GPS Navigation Device

GPS Navigation Device

What is GPS?

Global Positioning System (GPS) is a Global Navigation Satellite System (GNSS). The United States Department of Defense developed the GNSS, which gives a global coverage of geo-spatial positioning autonomously via satellites orbiting the earth transmitting time signals by radio along a line a sight. Small electronic receivers on earth catch these signals to determine their longitude, latitude, and altitude, thereby determining their location. Besides getting the location, receivers with a fixed position on the ground can also calculate the precise time. Today, the fully operational GNSS is the United States NAVSTAR Global Positioning System (GPS). Other countries are also developing their own GNSS like the Russian GLONASS, European Union’s Galileo, India’s IRNSS, China’s Compass, France’s DORIS, and Japan’s QZSS.

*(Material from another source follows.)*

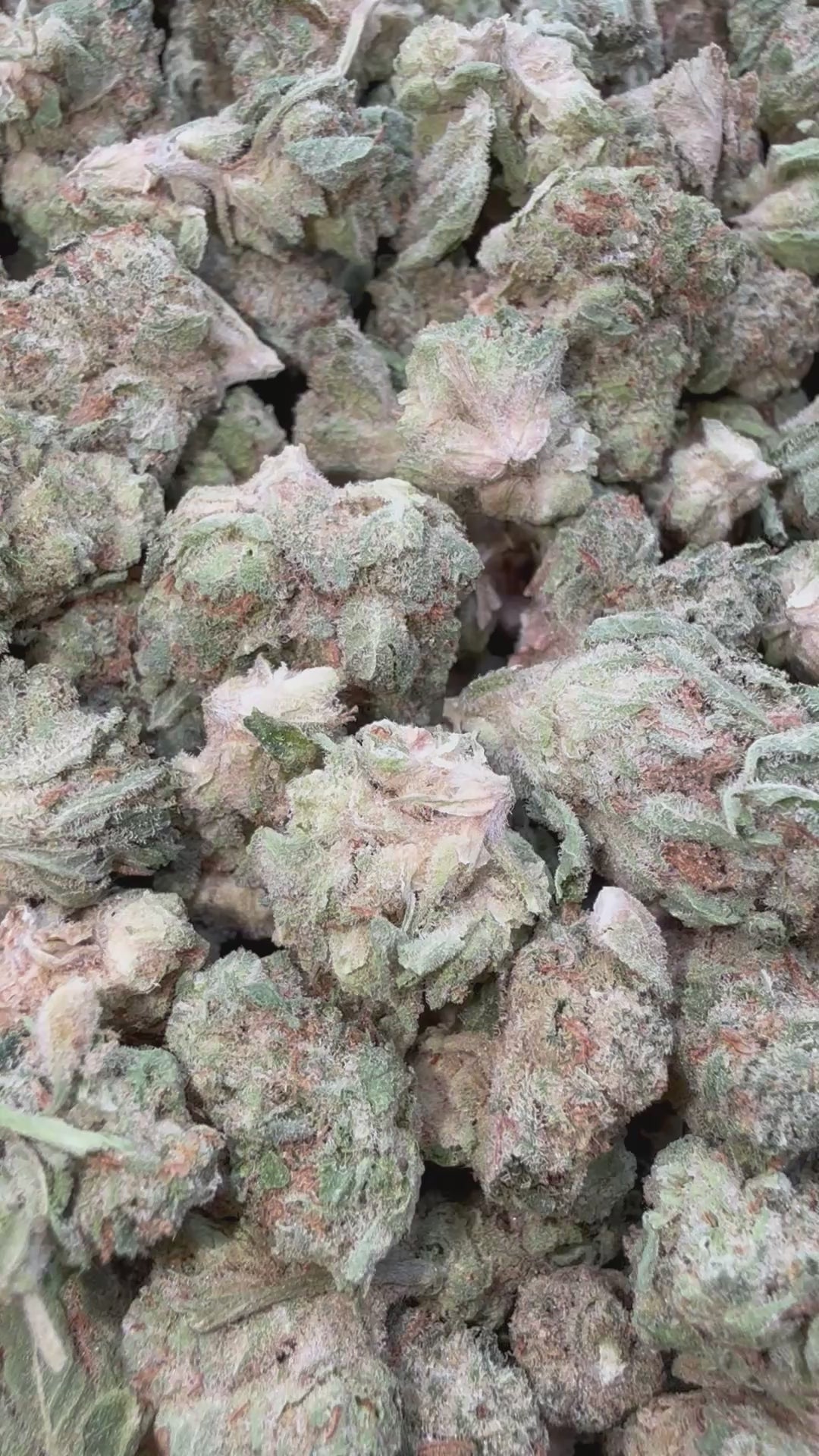 Load video: Cherry Fritter Littles - Bulk Littles - Indica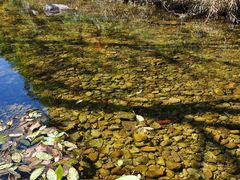 -洛阳白云山景区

What is a GPS Navigation Device?

Any device capable of receiving GPS signals to determine the current location is a GPS navigation device.

Applications of the GPS Navigation Device

– Defense. It is used for aircraft, missiles, ships, small vehicles and foot soldiers. In the military, commanders use Commanders Digital Assistant and soldiers use Soldier Digital Assistant.

– Commercial Aviation. Location information is used by commercial planes like Boeing 737, mainly for course information, course tracking, recording devices, and multi-input computers for keeping the plane on autopilot.

– Consumer Applications. At present for public use, two varieties are available, namely stand-alone variety and computer-connected variety.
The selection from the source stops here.